Ex-Brave Gladiator aspires to be premier league coach 

Uerikondjera Kasaona in action for the Brave Gladiators against Botswana 2014. Photo: Helge Schütz

Former Okahandja Beauties central defender and captain Uerikondjera Mamie Kasaona has come a long way to become the skipper of the Brave Gladiators.

“I was born and raised at a small settlement called Warmquelle, which is located 250km from Opuwo and 25km from Sesfontein in the Kunene region. Growing up was not easy, as I was the only girl in a family consisting of boys.

“But it is probably also good that I was the only girl, because they would always take me along to their football games to make up the numbers.

“That turned out to be a blessing in disguise for me, because it helped sharpen my ball control and shooting skills,” she says.

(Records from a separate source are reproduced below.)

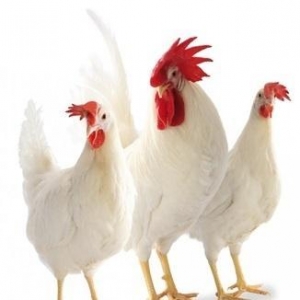 Yumurtlayan - LOHMANN LSL  toyuqları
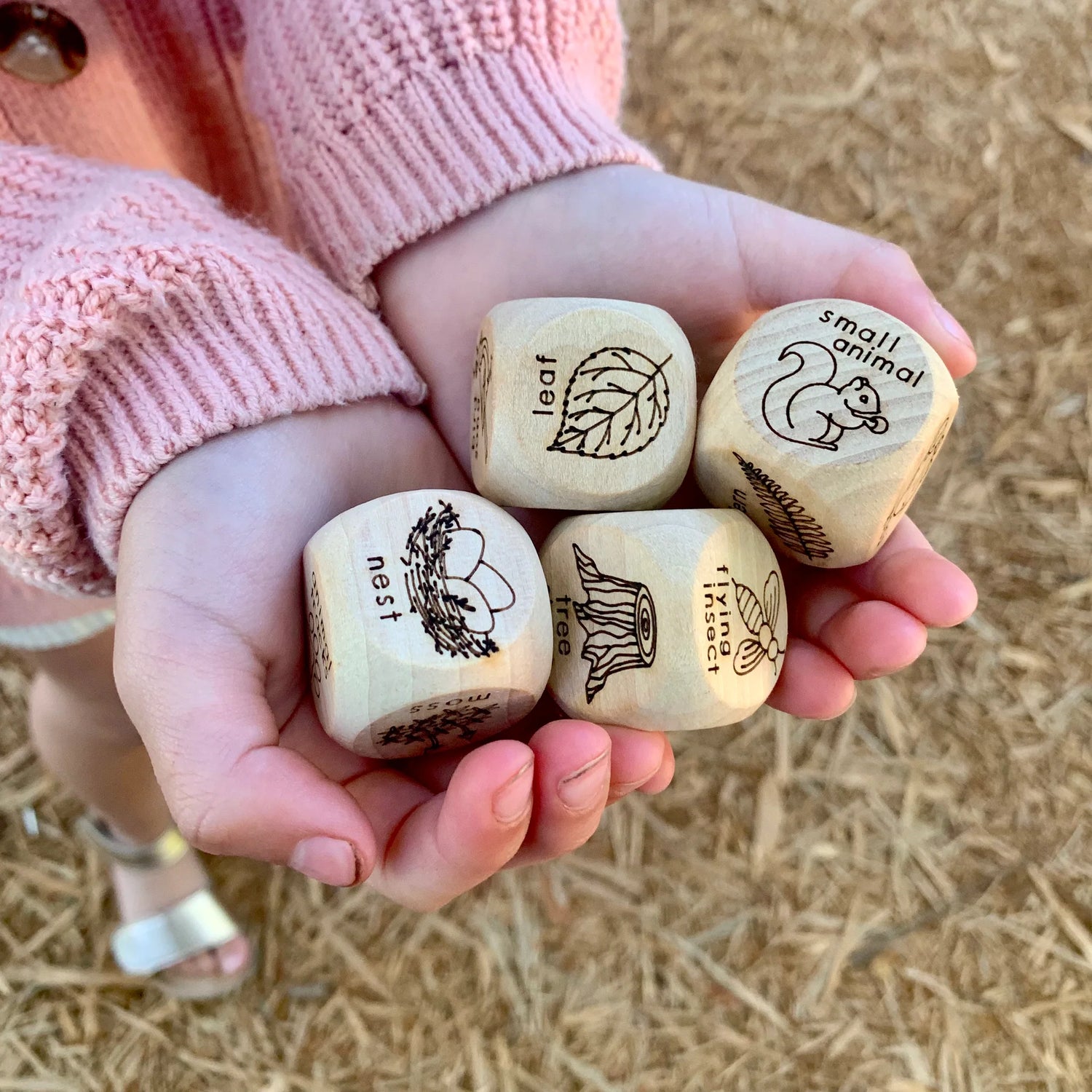 Tree Fort Toys - Scavenger Hunt Dice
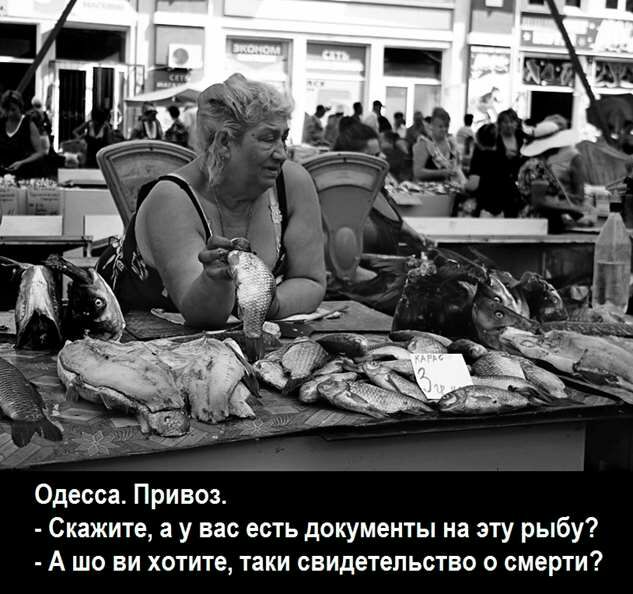 Одесса Привоз Скажите а у вас есть документы на эту рыбу А шо ви хотите таки свидетельство о смерти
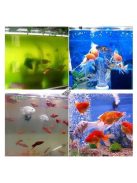 Akváriumi Hulladék és Hal Ürülék Gyűjtő, Automata Szűrő és Tisztító Rendszer Kényelmes Akvárium Karbantartáshoz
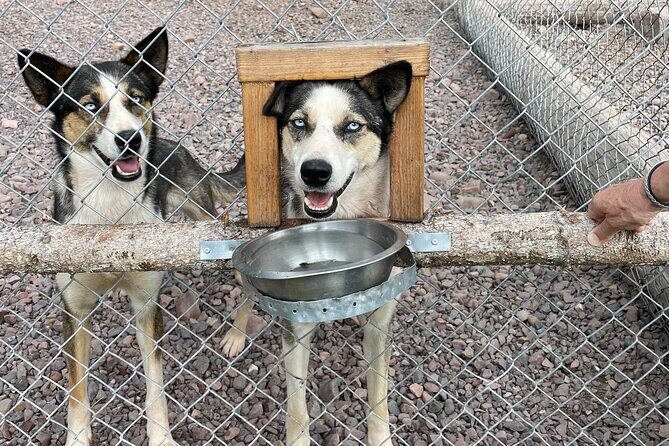 Husky cuddle at Fjälläventyr Dog Park - admission ticket - Why This Tour Works Well for Travelers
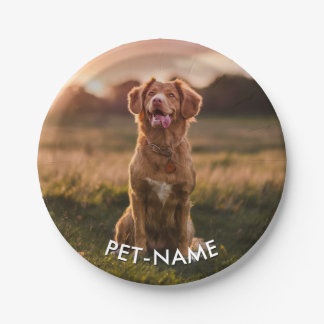 Prato De Papel Foto Personalizada Com O Nome Do Seu Cachorro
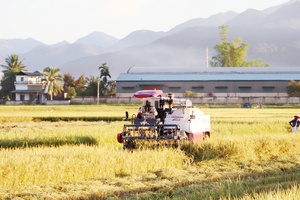 Điện Biên boosts production linkage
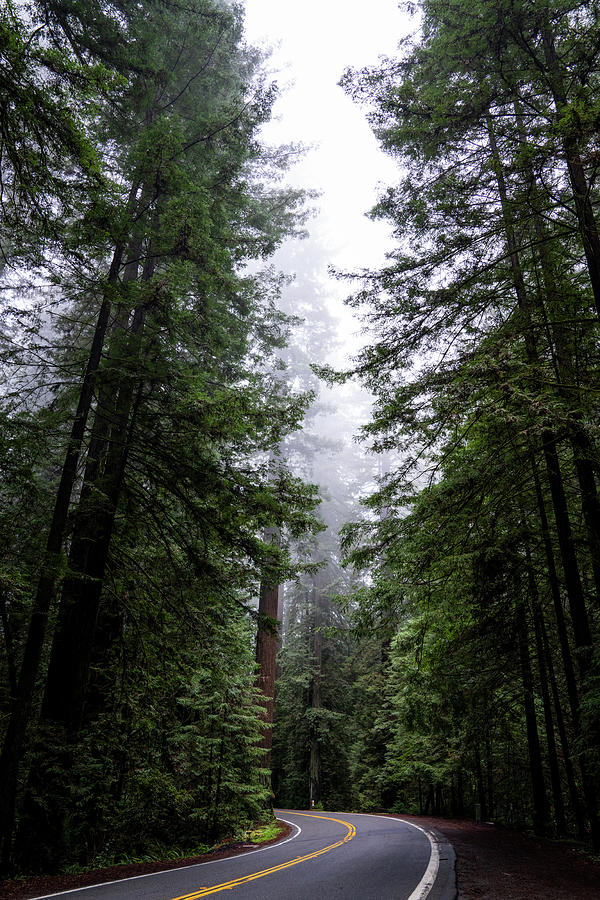 Redwoods Along Avenue Of The Giants Photograph by Sebastian Kennerknecht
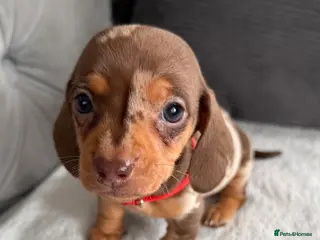 Miniature Dachshund dogs Stunning kennel club registered mini dachshunds - Advert 12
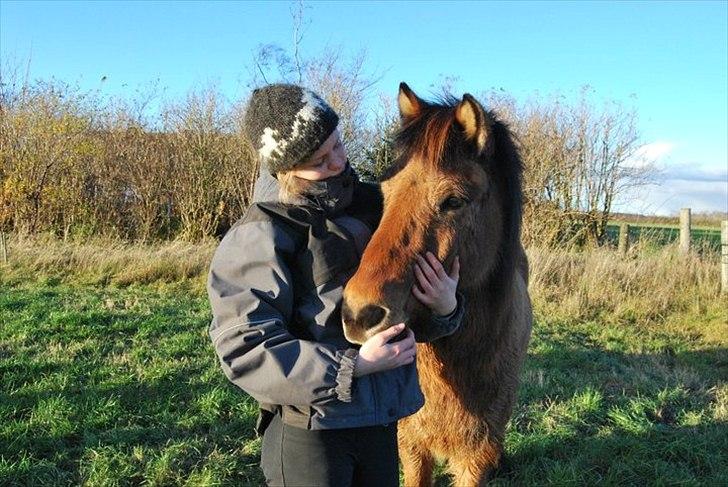 Islænder Golnir fra Nr. Felding - 8. Golnir og mig på marken Foto: Louise billede 8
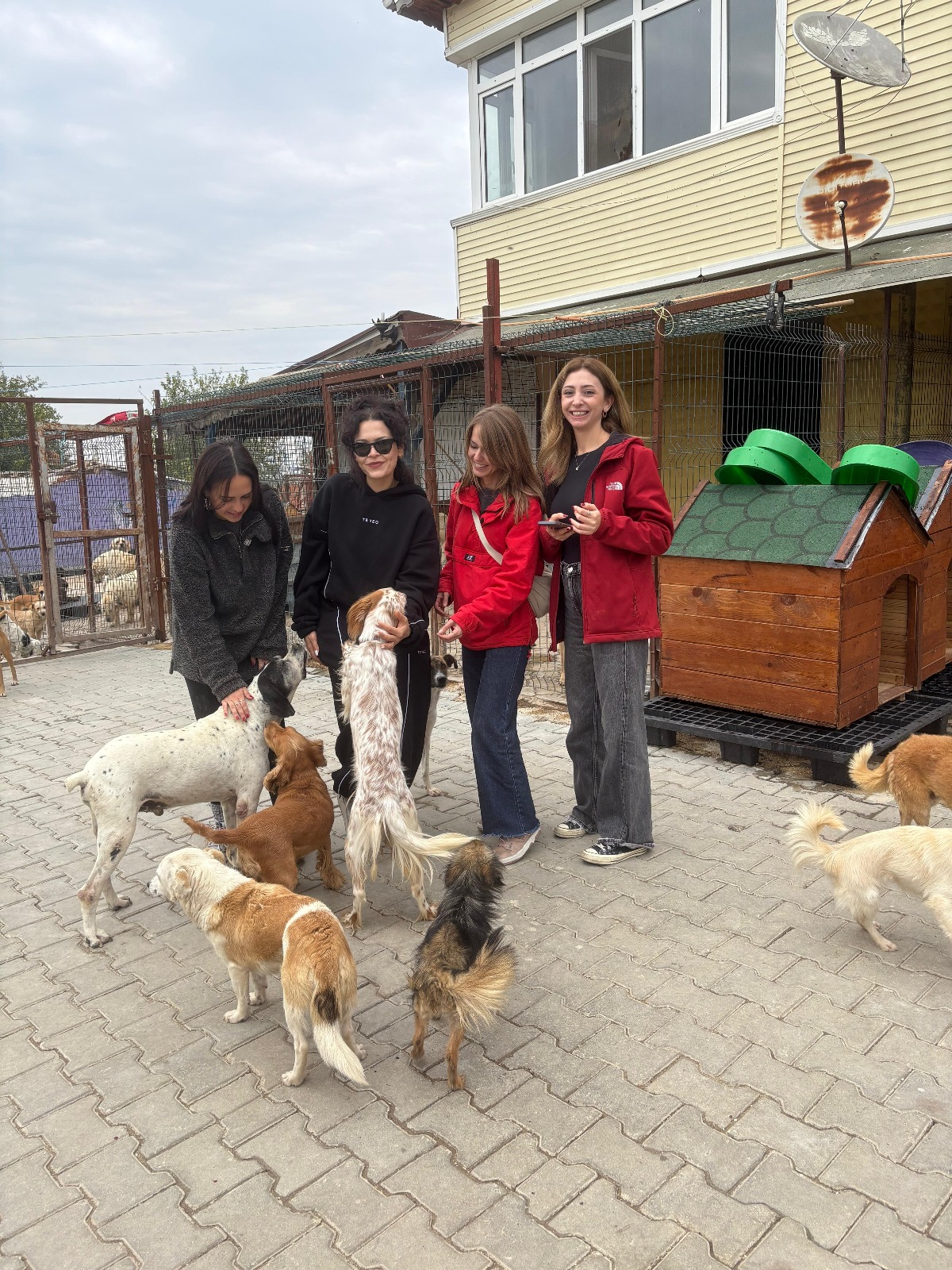 BAT gönüllüleri Mor Pati Barınağı’ndaki dostlarla buluştu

Kasaona’s football took a serious turn when she moved to Windhoek and started playing for the Okahandja Beauties women’s football club in 2007.

“I got exposed to better training and I was surrounded by a bunch of exceptional women players. It was inevitable that I would grow as a footballer. I was technically gifted, but I am a hard worker naturally,” she says.

Kasaona says she owes who she is today to football.

“I have played at the highest level, and I have coached at the highest level. I was the national under-20 team’s coach, and I was also a caretaker coach of the Brave Gladiators,” she says.

Kasaona was the captain of the Brave Gladiators when the team beat Botswana 5-2 in an intermational friendly at Sam Nujoma Stadium in 2014.

“Hard work always pays off. I always tried to make sure I got the basics right on the football pitch. I am a favourite of every coach I have played under, because I always made sure I carried out the instructions of the coach,” she says.

“I drew interest from outside the borders of Namibia, and it didn’t come as a surprise when I was signed by German clubs Germania Hauenhorst FC and Welhelmsfeld, which resulted in me spending three solid years playing football in Germany.”

Upon her return to Namibia from Germany in 2014 she started playing for Nampol FC, and after completing the 2015/16 season with the police outfit as well, the former Mureti Secondary School pupil decided to hang up her boots and started the Kasaona Football Academy (KFA), which participates in the Hopsol League.

The academy caters for boys and girls from under-9 to under-19.

Mamie Kasaona (left), seen here with NFA technical director Jacqueline Shipanga and Mervin Mbakera under Kasaona, is doing her internship for her Caf B-level coaching course. 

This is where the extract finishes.